## Extracted information
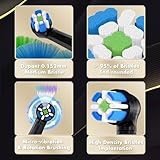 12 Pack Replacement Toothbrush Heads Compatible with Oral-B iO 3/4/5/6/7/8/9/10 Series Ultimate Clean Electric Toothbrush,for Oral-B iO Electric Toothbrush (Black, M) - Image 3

* * *

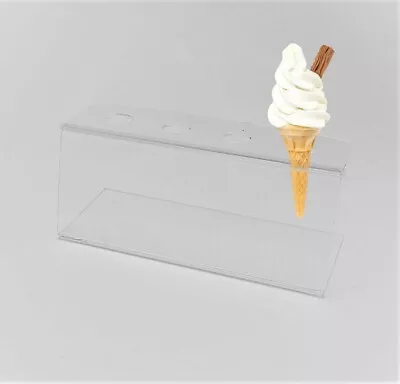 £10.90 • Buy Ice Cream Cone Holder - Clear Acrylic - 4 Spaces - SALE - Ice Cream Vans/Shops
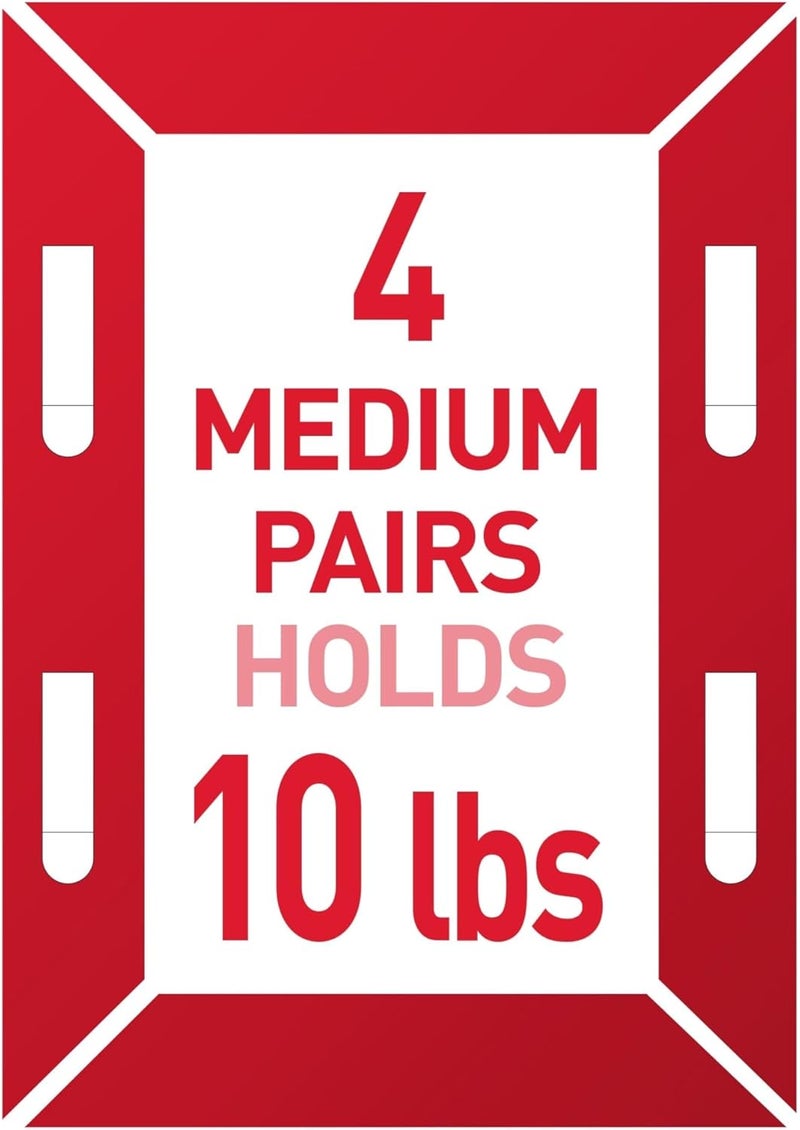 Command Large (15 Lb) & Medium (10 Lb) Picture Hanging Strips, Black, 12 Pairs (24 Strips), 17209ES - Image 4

---

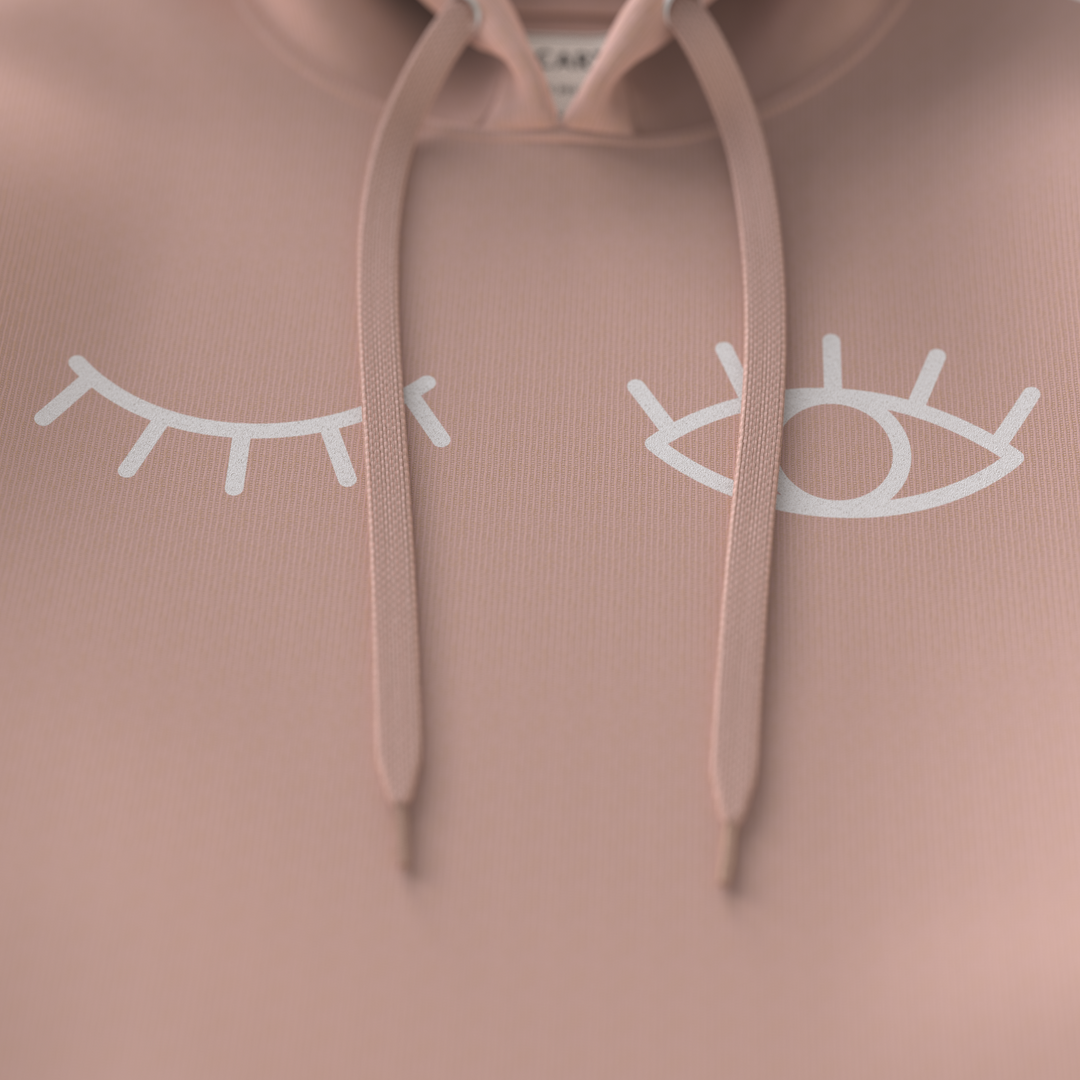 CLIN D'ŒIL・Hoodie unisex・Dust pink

## Problem to solve
Using the entries above, extract exactly the lines from the one that contains "Ice Cream Vans/Shops" through the one that contains "Command Large (15". Do not carry over any pictures.

## Solution to the problem
 £10.90 • Buy Ice Cream Cone Holder - Clear Acrylic - 4 Spaces - SALE - Ice Cream Vans/Shops
 Command Large (15 Lb) & Medium (10 Lb) Picture Hanging Strips, Black, 12 Pairs (24 Strips), 17209ES - Image 4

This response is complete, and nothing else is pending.